**What the task asks**: Of the entries below, return exactly those lines that fall between the one containing "Arabia Café &" and the one containing "Apartamento Zingst Grabación al aire libre 4", the two end lines included.

**Recorded information**:
■ ■ ■ ■ ■

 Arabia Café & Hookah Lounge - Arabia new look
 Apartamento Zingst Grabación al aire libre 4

■ ■ ■ ■ ■

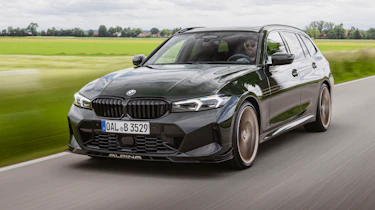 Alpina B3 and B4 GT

■ ■ ■ ■ ■

**Result for this task**:
 Arabia Café & Hookah Lounge - Arabia new look
 Apartamento Zingst Grabación al aire libre 4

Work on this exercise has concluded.